It almost appears pointless to credit novel arrival Nyu Media with fixing on Satazius – the game was already in English and apart from translating a couple of out-of-game paragraphs of rear story text, their input here looks rather minimal. Thus is the rear story, to be honest – space pirates are worse, and you’ve acquired to battle your way via a solar system full of them. You’ve acquired a highly enhanced starfighter with plenty weaponry to wreck worlds – what are you awaiting for?
Were it not for the somewhat higher display resolution, Satazius could pass for a long-missed SNES game. The sprites are pointedly low-fi, using a deliberately limited palette, and animations are often managed in a blocky pixel-rotating style like to the SNES’s Mode 7 effects.

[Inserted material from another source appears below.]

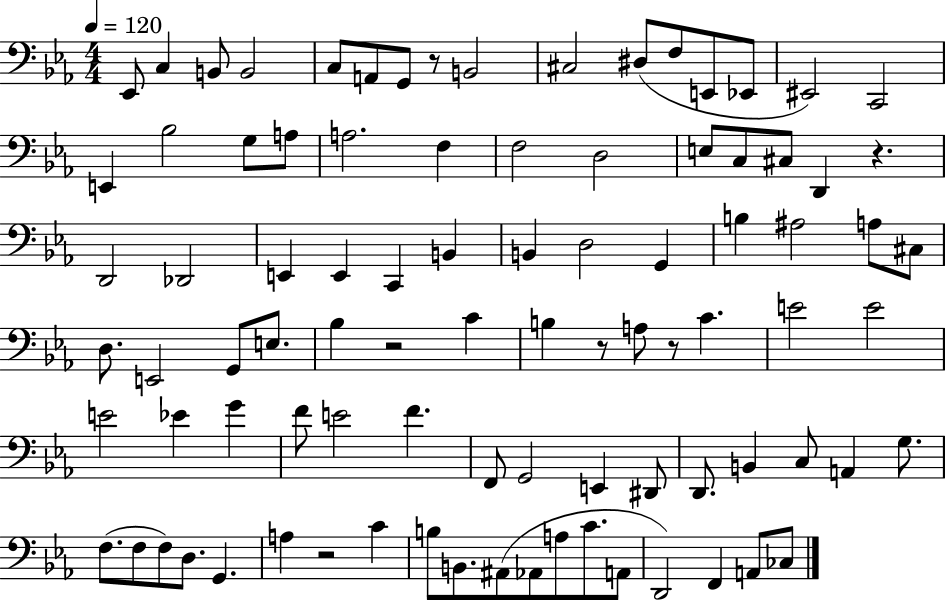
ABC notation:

In a genre today heavy with squeaky-voiced magical girls and fan service, this one harks rear to the 90s, where everything a shooter required was a spaceship, an evil armada to blow up and a boatload of lasers. Though the retro aesthetic is solid, the art direction of the game doesn’t function out thus well, with things seeming rougher and more complex as compared to they should, reminiscent of Taito’s Metal Black.
Solid’ is a word that seems to crop up a lot, even. It’s a good word to depict the audio. It’s a familiar pseudo-16-bit range of tunes and effects, extremely like in fashion to their before game Gigantic Army. Much similar to the art, while , the music is possibly small even grungy – the more bass’y synths sounding rough and gravelly, nearly as they’ve been distorted by pushing up through their speaker range – that makes no sense, of course, but it’s a strange sound that might put some folks off. Only listen to the music in the game play video above for an thought of how it every sounds.
It’s a solid one in terms of difficulty, even. Not too easy, not too hard, although the higher difficulty settings can be fairly brutal. There’s some instants that look unfair at first, but they’re frequent telegraphed in some way that may not appear initially apparent. Every level, you select a main weapon, 2 secondary weapons and a smart bomb from a list that turns above the course of a play via. The power up system is simple adequate – various objects and enemies drop power ups that enhance the level of your primary, currently selected secondary and smart bomb weapons, and occasionally a shield power up that affords you the ability to soak up one additional hit earlier dying.